Records shown.
= = = = =
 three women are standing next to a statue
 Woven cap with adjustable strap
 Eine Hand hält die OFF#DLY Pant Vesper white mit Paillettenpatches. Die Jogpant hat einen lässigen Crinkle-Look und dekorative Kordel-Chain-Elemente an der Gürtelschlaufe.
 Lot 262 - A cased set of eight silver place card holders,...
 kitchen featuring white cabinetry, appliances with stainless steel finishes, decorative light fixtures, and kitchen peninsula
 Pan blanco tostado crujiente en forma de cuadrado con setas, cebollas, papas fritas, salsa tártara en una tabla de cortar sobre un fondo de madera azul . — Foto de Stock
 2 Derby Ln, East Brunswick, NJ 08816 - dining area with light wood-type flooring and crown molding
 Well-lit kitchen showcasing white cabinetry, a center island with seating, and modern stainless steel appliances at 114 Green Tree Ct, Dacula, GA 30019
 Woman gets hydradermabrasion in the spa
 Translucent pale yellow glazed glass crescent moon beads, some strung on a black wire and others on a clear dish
= = = = =
Reproduce every entry above. Make each line identical to the original.

 three women are standing next to a statue
 Woven cap with adjustable strap
 Eine Hand hält die OFF#DLY Pant Vesper white mit Paillettenpatches. Die Jogpant hat einen lässigen Crinkle-Look und dekorative Kordel-Chain-Elemente an der Gürtelschlaufe.
 Lot 262 - A cased set of eight silver place card holders,...
 kitchen featuring white cabinetry, appliances with stainless steel finishes, decorative light fixtures, and kitchen peninsula
 Pan blanco tostado crujiente en forma de cuadrado con setas, cebollas, papas fritas, salsa tártara en una tabla de cortar sobre un fondo de madera azul . — Foto de Stock
 2 Derby Ln, East Brunswick, NJ 08816 - dining area with light wood-type flooring and crown molding
 Well-lit kitchen showcasing white cabinetry, a center island with seating, and modern stainless steel appliances at 114 Green Tree Ct, Dacula, GA 30019
 Woman gets hydradermabrasion in the spa
 Translucent pale yellow glazed glass crescent moon beads, some strung on a black wire and others on a clear dish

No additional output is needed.